The Tidal Zone is a book that will make you achingly grateful for your friends and family. It’s a book that is expertly quiet and extraordinary gripping, with a kind of modest poeticism to it. Told from the point of view of a stay at home dad Adam, whose fifteen year old daughter, Miriam, collapses and stops breathing for no reason one day, the father’s story and his family’s lives are pieced together through this inexplicable event.
This is a quiet novel which takes its strength from delaying the unknown, full of small mundane moments and endless scenes set from a hospital bed waiting for more NHS tests and results. Moss is skilled at bringing the softer moments of everyday life and the moments between the moments to life; waiting in the children’s hospital ward listening to the patter of tiny feet edging to the bathroom in the middle of the night, tearful whispers behind closed curtains, coffee being poured by anxious hands. It is the author’s turn of phrase and the underlying tension of the unsolved mystery of why Miriam’s body stopped working that drives the narrative through these moments and makes them feel so gripping. It’s with these smaller details that we’re able be taken through the trauma of the scenario without the melodrama.
I love Moss’ choice to portray the story from the point of view of a stay at home dad. Adam left his academic career to bring up the kids, he loves cooking and is the one in the family to obsess over clean shirts, family schedules, the washing up. At times the narrative happily rants about the different expectations we place on parents, and the archaic boundaries we put on stay at home dads. It challenges the idea of masculinity and the odd expectations that dads are babysitter rather than parents, that dads who bake and do the laundry are somehow not fulfilling their male role. It’s also nice to see this theme explored without it being too much of a projected moral of the story, more of a side note to the reader than the overarching theme. Moss is also superb at making the dynamics of busy family life feel real, which is perhaps my favourite part of the book.
The novel could have done without the interludes of history of the postwar new construction of Coventry cathedral, a project that the dad is writing for his fast fading academic career. Although well told, and definitely not similar to Wikipedia style entries that some novels seem to delve into, for me it adds nothing to the story. What did work was the backstory of Adam’s granddad, which spans numerous chapters as he tries to tell the bored, uninterested Miriam his life story. The story could be seen as a clichéd tale of Irish immigration to America, however Moss is brilliant at making each moment and detail unique.

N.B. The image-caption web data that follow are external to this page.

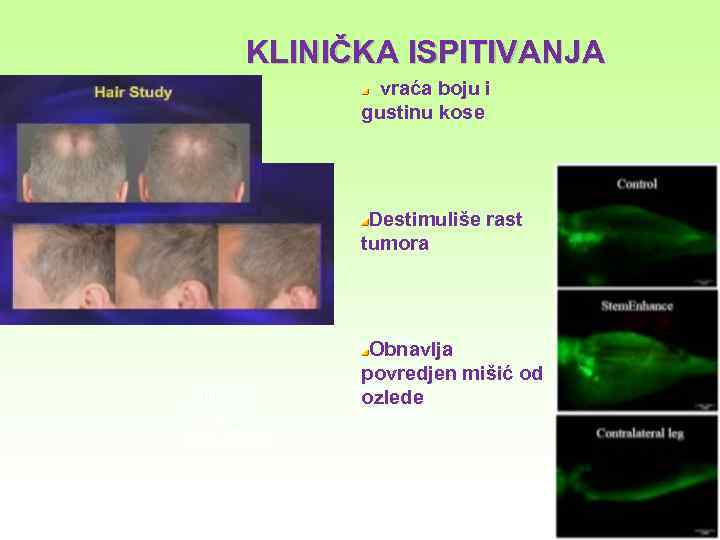 KLINIČKA ISPITIVANJA vraća boju i gustinu kose Destimuliše rast tumora Vraćanje Mišić u OZLJEDE
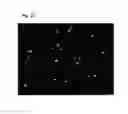 Fig. 07 - Neurogenesis screening method and uses thereof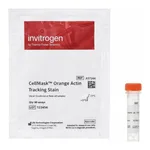 Thermo Fisher Scientific CellMask Orange Actin Tracking Stain, 1 x 60 Assays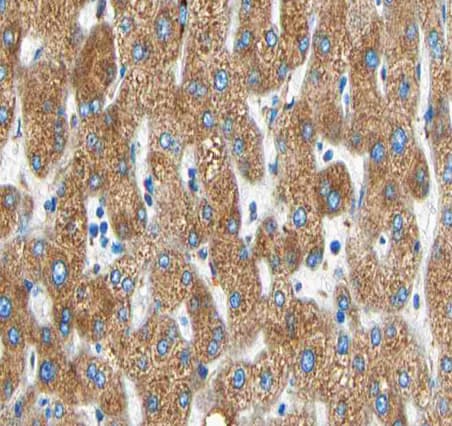 MMP19 Antibody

It helps that the granddad’s story – more so than the cathedral strand – is relevant to the central plot of the novel, whereas the cathedral strand seemed to be intended as a metaphor to run parallel to the story, which for me never quite came off.
This is a book that spends its time making you wait patiently for something that you’re uncertain is coming, putting you in exactly the same shoes as the characters. My love for this book was offset in the final paragraphs, however, where it felt like the author had a moment of doubt in her readers and overstates the meaning or ‘moral’ of the book. Words that could have been removed in the edit and not missed, but overall I see very little fault in The Tidal Zone.
Any cop? Fans of Benjamin Johncock’s The Last Pilot and James Smythe’s No Harm Can Come to a Good Man, will enjoy the quiet literary prose and the tension below the iceberg. If you’re looking for something heartfelt but not sentimental, dramatic without the heavy plot and quietly literary without being overstated, you’ll love this.